▶ [ACTION ITEM]: Each line of the data below between the one containing "(完整版)采购主管岗位说明书" and the one containing "golden mountain hill", both included, is to be repeated exactly. Please omit pictures.
(DATA TO PROCESS Opens)
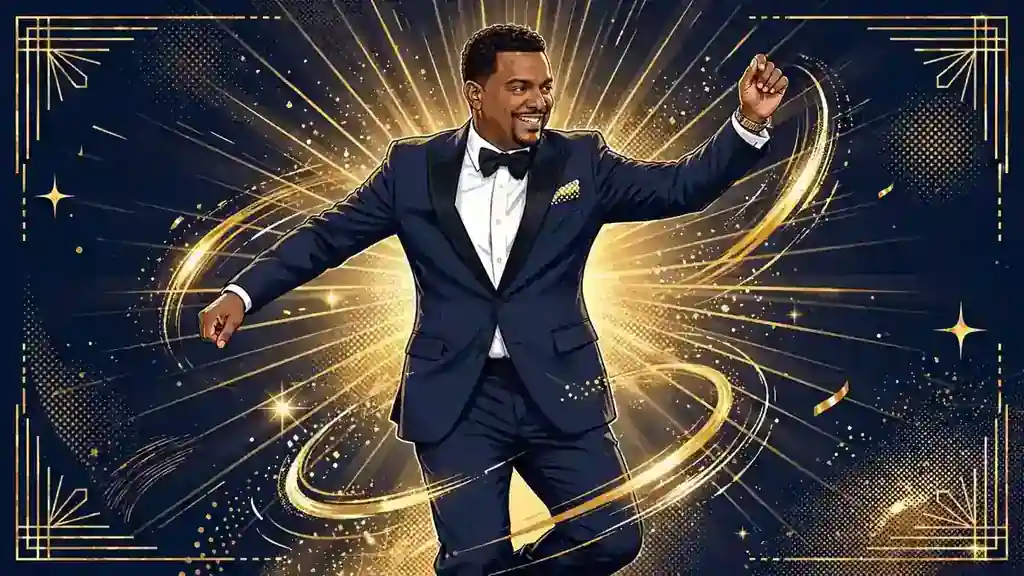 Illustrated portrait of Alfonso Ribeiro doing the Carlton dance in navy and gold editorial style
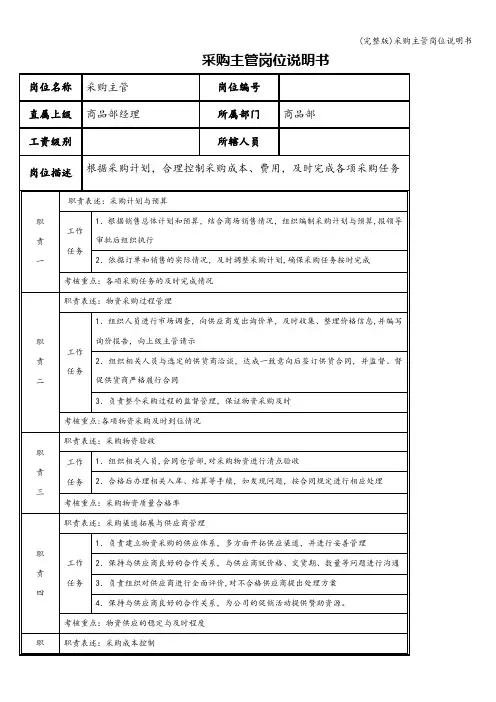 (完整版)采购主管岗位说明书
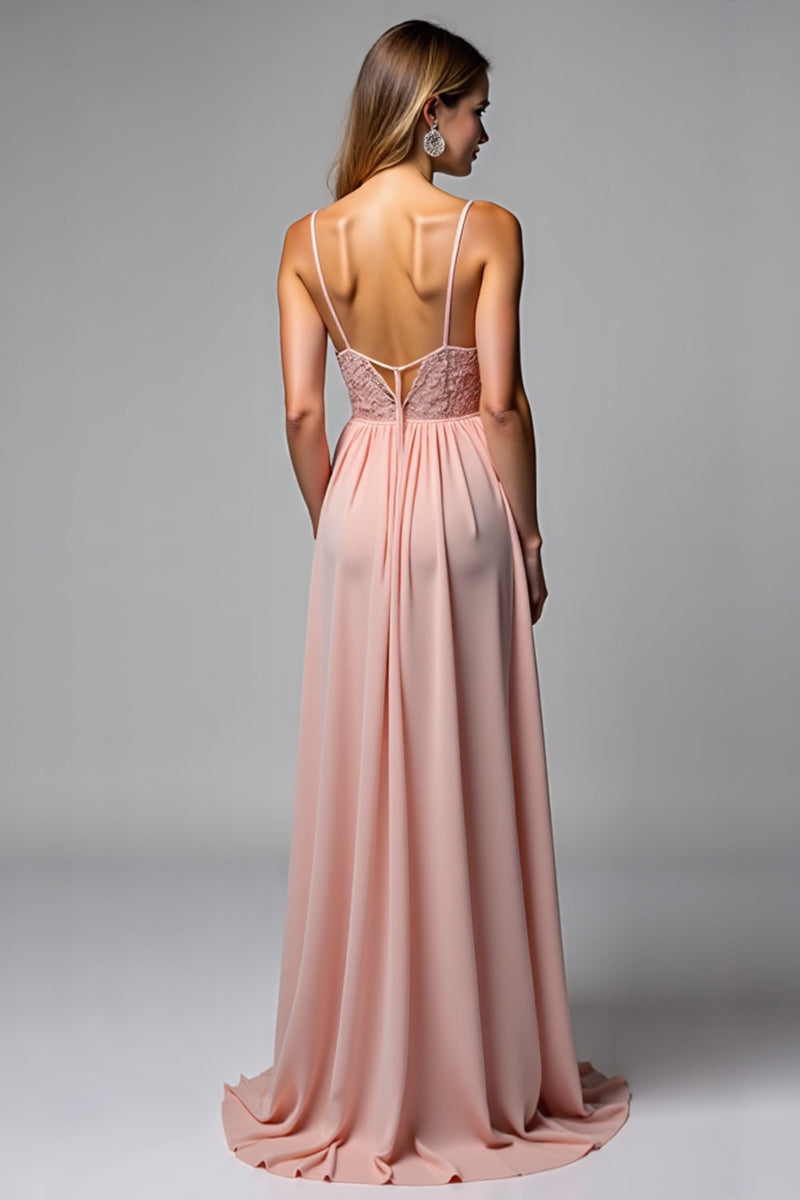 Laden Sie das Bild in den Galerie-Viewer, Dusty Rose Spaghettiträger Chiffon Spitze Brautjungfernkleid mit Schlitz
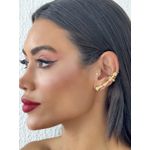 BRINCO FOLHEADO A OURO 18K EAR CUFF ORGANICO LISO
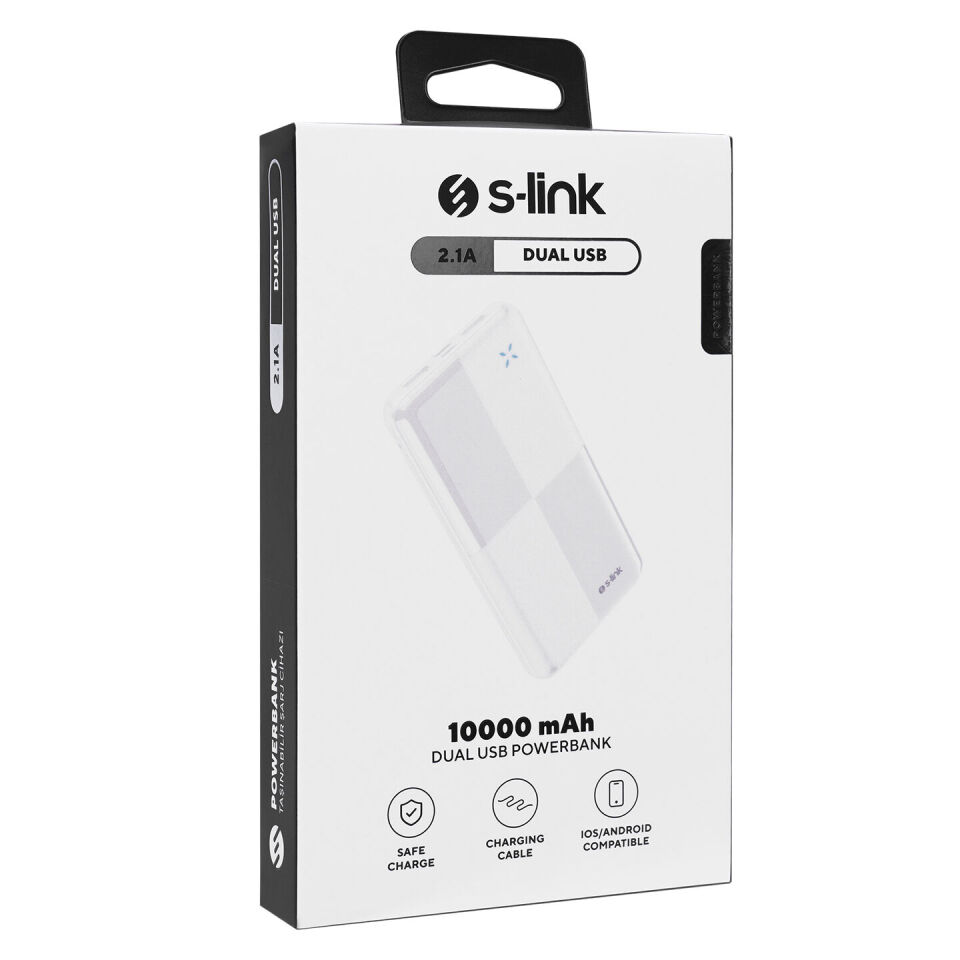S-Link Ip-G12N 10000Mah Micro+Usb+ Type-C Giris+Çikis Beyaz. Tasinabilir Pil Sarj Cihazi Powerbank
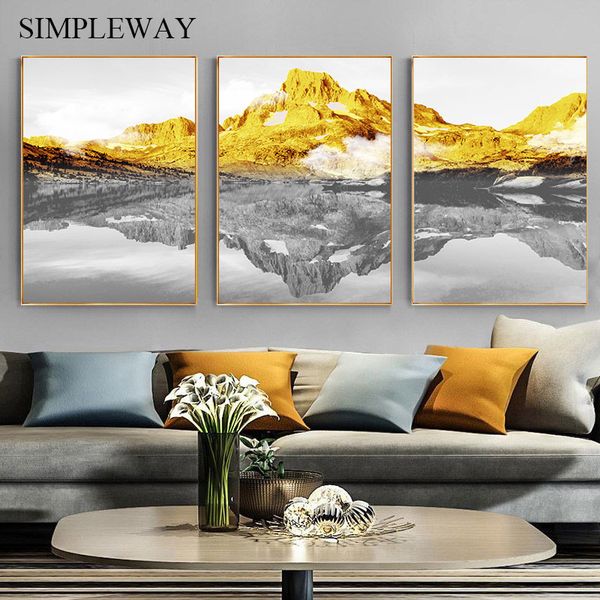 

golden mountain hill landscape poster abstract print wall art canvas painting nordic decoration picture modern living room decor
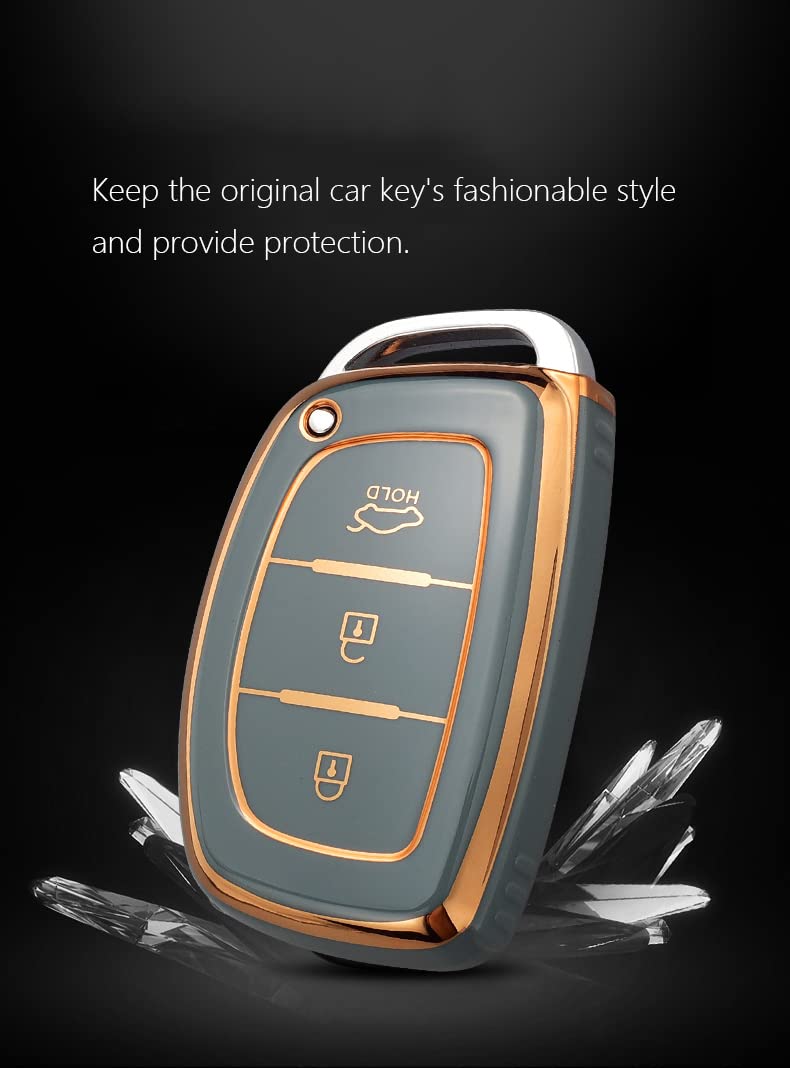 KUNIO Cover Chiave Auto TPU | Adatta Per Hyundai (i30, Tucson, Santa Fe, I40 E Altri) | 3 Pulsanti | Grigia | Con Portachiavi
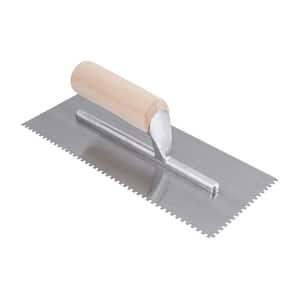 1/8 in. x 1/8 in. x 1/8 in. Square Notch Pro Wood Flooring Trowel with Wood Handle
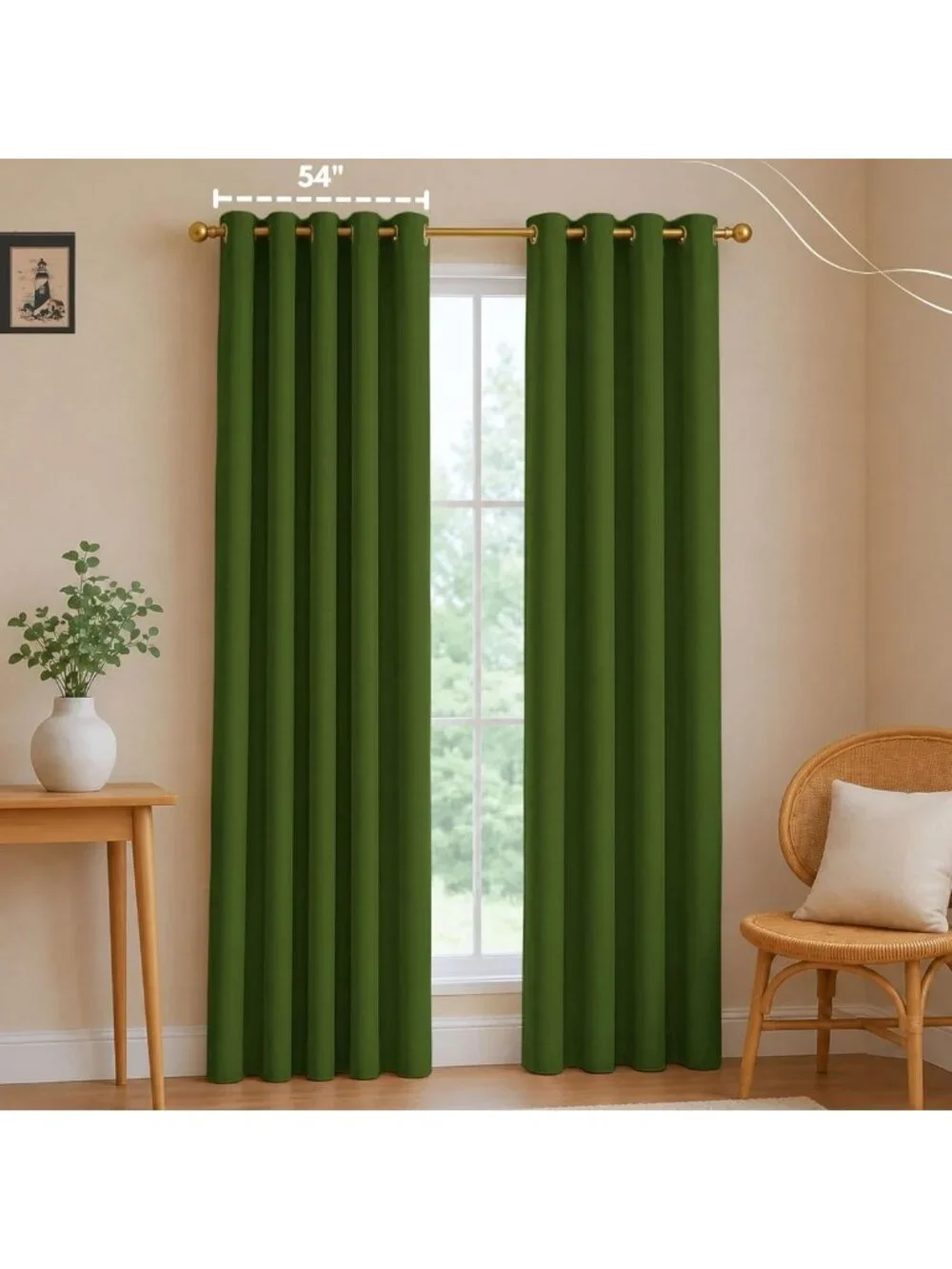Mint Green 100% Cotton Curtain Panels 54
(DATA TO PROCESS Closes)
▶ [WRITTEN ANSWER]:
 (完整版)采购主管岗位说明书
 Laden Sie das Bild in den Galerie-Viewer, Dusty Rose Spaghettiträger Chiffon Spitze Brautjungfernkleid mit Schlitz
 BRINCO FOLHEADO A OURO 18K EAR CUFF ORGANICO LISO
S-Link Ip-G12N 10000Mah Micro+Usb+ Type-C Giris+Çikis Beyaz. Tasinabilir Pil Sarj Cihazi Powerbank

golden mountain hill landscape poster abstract print wall art canvas painting nordic decoration picture modern living room decor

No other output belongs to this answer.